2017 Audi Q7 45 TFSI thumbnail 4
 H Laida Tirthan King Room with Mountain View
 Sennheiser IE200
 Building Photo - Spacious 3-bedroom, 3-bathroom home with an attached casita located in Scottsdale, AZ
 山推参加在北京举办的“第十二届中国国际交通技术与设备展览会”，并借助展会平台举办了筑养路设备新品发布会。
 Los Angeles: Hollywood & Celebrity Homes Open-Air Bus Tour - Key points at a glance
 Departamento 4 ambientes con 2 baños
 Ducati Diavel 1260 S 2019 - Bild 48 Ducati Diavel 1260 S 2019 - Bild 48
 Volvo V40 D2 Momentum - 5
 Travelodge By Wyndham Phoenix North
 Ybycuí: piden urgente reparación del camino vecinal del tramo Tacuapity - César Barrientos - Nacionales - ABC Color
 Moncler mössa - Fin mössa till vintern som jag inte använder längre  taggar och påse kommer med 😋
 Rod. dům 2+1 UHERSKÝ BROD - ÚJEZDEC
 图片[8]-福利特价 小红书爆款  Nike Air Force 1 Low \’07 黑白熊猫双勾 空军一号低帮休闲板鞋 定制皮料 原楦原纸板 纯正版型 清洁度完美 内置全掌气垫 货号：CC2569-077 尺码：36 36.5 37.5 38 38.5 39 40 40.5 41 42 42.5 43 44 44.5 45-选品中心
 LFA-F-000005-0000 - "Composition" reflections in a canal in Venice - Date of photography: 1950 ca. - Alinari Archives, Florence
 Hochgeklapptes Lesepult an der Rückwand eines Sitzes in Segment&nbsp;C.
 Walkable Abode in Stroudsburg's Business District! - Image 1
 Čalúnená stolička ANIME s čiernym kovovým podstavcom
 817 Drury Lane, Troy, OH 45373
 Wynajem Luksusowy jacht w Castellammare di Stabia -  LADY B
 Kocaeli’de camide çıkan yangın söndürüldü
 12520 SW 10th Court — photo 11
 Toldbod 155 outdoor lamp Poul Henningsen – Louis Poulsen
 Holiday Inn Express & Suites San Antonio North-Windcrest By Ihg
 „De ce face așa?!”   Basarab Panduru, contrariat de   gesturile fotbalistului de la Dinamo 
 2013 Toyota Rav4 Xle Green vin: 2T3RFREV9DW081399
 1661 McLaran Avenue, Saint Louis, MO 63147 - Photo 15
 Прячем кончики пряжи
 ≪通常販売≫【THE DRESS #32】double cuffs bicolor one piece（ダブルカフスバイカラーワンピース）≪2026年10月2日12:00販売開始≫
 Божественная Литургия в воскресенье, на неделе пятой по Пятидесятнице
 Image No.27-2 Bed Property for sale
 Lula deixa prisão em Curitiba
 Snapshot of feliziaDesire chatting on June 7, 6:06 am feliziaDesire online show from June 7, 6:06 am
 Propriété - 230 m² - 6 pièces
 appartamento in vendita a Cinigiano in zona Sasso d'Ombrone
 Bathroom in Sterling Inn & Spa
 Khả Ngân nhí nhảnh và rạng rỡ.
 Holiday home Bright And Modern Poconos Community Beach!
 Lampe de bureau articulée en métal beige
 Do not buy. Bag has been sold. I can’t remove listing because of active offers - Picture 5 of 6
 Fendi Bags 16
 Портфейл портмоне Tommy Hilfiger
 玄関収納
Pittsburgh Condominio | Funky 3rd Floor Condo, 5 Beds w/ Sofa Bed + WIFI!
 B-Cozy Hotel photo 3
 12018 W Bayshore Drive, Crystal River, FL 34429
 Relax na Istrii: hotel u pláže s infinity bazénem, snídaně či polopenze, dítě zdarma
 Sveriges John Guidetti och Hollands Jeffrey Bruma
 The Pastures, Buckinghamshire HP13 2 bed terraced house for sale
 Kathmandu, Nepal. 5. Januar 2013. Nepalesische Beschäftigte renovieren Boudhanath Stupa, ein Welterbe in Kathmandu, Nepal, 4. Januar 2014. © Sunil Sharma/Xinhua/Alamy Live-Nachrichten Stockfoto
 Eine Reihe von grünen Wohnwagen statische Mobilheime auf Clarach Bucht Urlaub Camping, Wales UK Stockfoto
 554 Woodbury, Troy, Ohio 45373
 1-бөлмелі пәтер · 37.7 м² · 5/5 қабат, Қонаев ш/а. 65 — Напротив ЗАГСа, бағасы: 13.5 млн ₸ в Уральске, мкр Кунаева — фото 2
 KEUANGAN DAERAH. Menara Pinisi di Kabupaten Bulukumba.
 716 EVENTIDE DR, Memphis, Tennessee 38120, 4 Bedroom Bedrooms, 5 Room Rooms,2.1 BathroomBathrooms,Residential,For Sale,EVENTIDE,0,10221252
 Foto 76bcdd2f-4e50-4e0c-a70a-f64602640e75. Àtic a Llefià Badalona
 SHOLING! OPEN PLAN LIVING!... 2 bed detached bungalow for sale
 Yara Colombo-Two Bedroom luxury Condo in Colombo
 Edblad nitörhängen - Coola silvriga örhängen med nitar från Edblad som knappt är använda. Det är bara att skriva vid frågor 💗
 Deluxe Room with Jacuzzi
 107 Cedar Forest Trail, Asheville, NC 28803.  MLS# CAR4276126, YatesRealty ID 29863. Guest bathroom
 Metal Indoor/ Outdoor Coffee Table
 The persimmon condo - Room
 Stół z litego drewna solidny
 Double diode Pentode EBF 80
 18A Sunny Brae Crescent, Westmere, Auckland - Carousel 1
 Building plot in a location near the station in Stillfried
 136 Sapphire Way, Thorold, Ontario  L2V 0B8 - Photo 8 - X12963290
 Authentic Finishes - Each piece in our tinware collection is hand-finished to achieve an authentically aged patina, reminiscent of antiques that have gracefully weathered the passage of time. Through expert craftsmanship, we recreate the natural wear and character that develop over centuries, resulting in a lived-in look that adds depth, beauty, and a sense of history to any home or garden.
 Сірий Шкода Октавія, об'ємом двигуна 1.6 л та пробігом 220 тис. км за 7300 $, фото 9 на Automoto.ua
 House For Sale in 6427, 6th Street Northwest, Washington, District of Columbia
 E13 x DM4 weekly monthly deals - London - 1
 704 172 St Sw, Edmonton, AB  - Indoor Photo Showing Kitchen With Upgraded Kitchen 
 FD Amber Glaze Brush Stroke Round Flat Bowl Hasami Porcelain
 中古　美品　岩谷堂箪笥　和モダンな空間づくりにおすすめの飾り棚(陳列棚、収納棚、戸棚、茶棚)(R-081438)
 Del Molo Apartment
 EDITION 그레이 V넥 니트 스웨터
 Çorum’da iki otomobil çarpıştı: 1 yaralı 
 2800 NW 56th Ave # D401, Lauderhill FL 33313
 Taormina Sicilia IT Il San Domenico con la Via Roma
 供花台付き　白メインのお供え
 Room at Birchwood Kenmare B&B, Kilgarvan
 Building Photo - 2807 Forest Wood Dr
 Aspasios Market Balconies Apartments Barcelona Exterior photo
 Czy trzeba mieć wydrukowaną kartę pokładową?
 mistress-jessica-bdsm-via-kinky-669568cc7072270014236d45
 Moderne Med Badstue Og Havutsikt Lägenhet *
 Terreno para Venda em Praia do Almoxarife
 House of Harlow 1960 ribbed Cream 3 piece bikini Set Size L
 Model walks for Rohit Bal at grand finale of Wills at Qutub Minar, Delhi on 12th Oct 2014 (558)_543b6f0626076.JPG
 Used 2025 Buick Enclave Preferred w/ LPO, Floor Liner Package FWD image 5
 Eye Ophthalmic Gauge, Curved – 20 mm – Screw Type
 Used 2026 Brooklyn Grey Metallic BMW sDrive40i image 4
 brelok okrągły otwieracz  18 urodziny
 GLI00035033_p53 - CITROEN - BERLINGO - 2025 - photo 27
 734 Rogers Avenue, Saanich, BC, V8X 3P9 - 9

- _Description of the task_: The output should be exactly the lines above from the line containing "Çorum’da iki otomobil çarpıştı: 1 yaralı" to the line containing "Model walks for", inclusive, with no other lines.

- _Answer to this problem_:
 Çorum’da iki otomobil çarpıştı: 1 yaralı 
 2800 NW 56th Ave # D401, Lauderhill FL 33313
 Taormina Sicilia IT Il San Domenico con la Via Roma
 供花台付き　白メインのお供え
 Room at Birchwood Kenmare B&B, Kilgarvan
 Building Photo - 2807 Forest Wood Dr
 Aspasios Market Balconies Apartments Barcelona Exterior photo
 Czy trzeba mieć wydrukowaną kartę pokładową?
 mistress-jessica-bdsm-via-kinky-669568cc7072270014236d45
 Moderne Med Badstue Og Havutsikt Lägenhet *
 Terreno para Venda em Praia do Almoxarife
 House of Harlow 1960 ribbed Cream 3 piece bikini Set Size L
 Model walks for Rohit Bal at grand finale of Wills at Qutub Minar, Delhi on 12th Oct 2014 (558)_543b6f0626076.JPG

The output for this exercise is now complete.